Today’s announcement that a new Early Access to Medicines scheme will be launched in April is great news for cancer patients.
It means that some patients, especially those with rarer cancers where treatments are often extremely limited, could be given new drugs one to two years earlier than they are at the moment. It’s expected that only a couple of drugs each year will be made available through the scheme.
Doctors will be able to prescribe innovative drugs as yet unlicensed but deemed to be sufficiently safe and effective through clinical trials.
This will help patients with advanced illnesses who no longer benefit from existing treatments, and who may not live long enough to see the drugs licensed.
Who will pay?
When we wrote about the Early Access scheme a few months ago, we wanted to know who would pay for the scheme.
It’s now clear that pharmaceutical companies will be expected to provide these drugs for free.
In turn, they will able to collect more data on the drug’s clinical effectiveness. This will make the scheme affordable for the NHS, but it may limit the number of pharmaceutical companies that sign up and consequently the number of drugs available to patients.
Balancing the risks and benefits
It’s crucial to keep the well-established processes that ensure drugs are safe and effective. Unlicensed drugs have not been fully assessed by the Medicines and Healthcare products Regulatory Agency (MHRA) and so pose certain risks.

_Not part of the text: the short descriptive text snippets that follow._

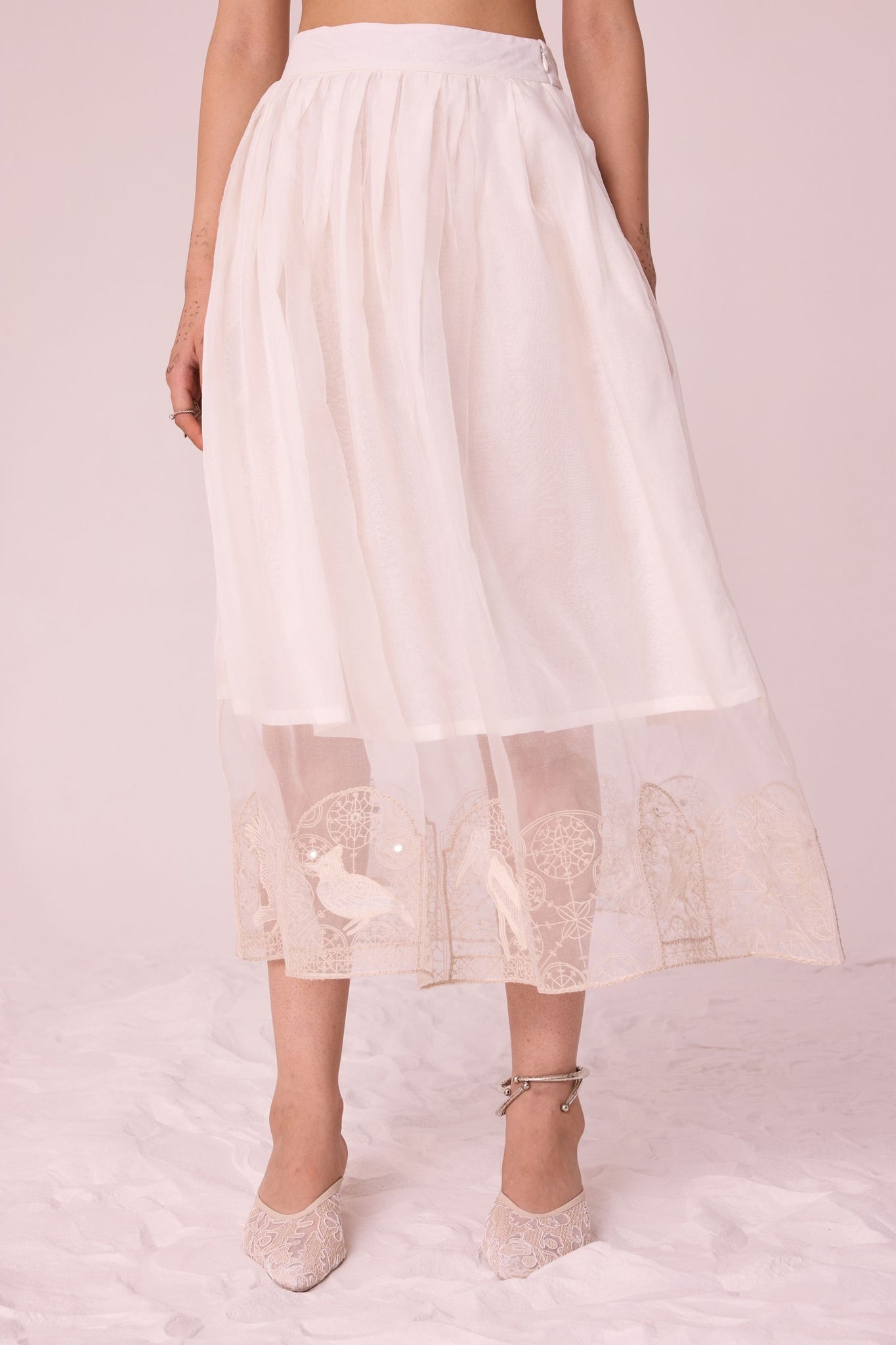 Dhuthi Off White Embroidered Skirt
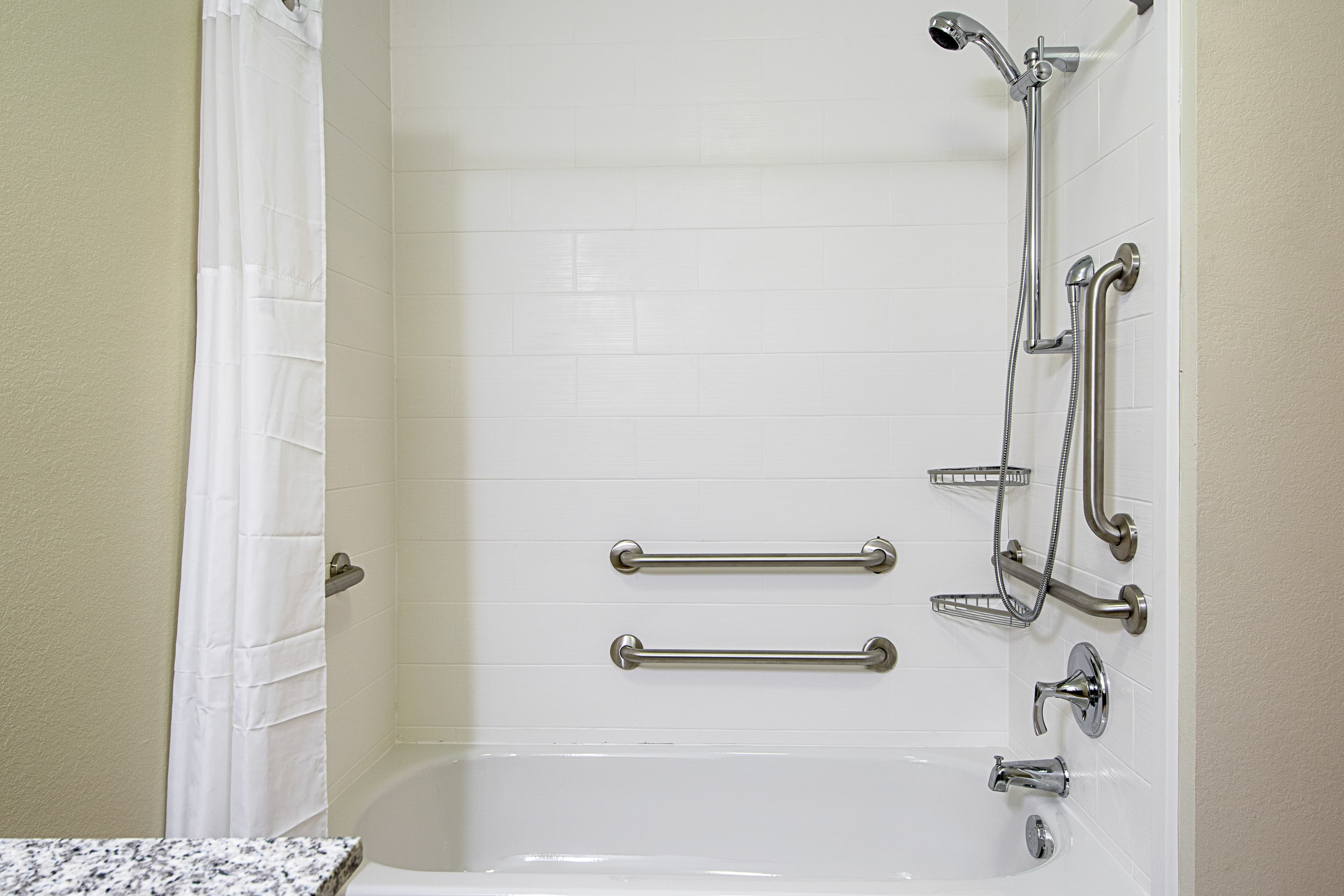 MainStay Suites Geismar - Gonzales — 11
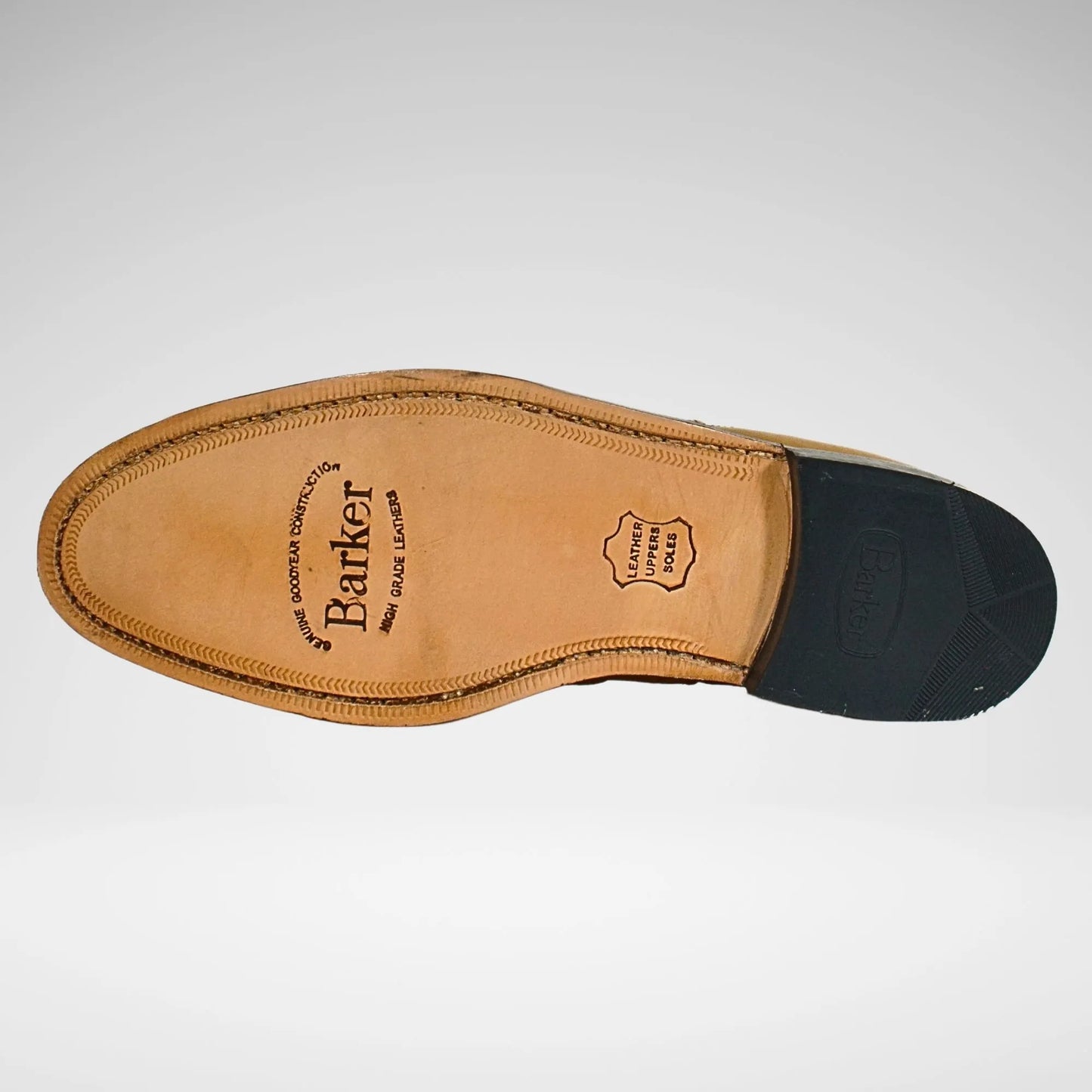 Barker OM Buffcalf Shoe | Biscuit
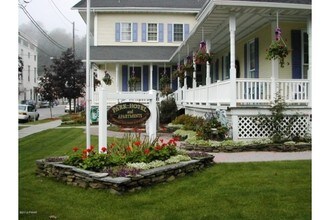 Park Hotel & Apartments in Honesdale, PA - Building Photo - Building Photo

We know that some cancer patients are willing to take risks to try new, promising medicines, but this will vary between individuals. It’s important for patients to get support and guidance from their clinician when deciding to take an unlicensed drug through the Early Access to Medicines scheme.
This should be similar to the support given to patients when deciding whether to take part in a clinical trial. Our website has more information about clinical trials.
The Early Access to Medicines scheme is a step in the right direction in getting new treatments to patients faster. But we think that there are further parts of the licensing process to consider.
‘Adaptive licensing’ is being discussed by the European Medicines Agency (EMA) and we hope to see a firm commitment from the government to support this scheme too.